Only one stretch of the records below should be repeated. It starts with the line containing "sunset orange japan" and goes on through the line containing "PURPLE CROCODILE LEATHER LONG WALLET", exactly as written.

◆ **Entries supplied**
┌──

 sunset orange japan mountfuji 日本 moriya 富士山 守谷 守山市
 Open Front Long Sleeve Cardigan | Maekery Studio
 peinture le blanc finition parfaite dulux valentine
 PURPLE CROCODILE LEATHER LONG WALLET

└──
┌──

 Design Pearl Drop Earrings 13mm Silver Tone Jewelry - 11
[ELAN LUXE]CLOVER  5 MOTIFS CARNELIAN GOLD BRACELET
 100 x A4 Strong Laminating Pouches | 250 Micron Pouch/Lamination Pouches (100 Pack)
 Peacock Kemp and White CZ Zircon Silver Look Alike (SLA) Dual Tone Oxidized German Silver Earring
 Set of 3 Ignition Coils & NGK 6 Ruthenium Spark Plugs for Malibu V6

└──

◆ **Reply**
 sunset orange japan mountfuji 日本 moriya 富士山 守谷 守山市
 Open Front Long Sleeve Cardigan | Maekery Studio
 peinture le blanc finition parfaite dulux valentine
 PURPLE CROCODILE LEATHER LONG WALLET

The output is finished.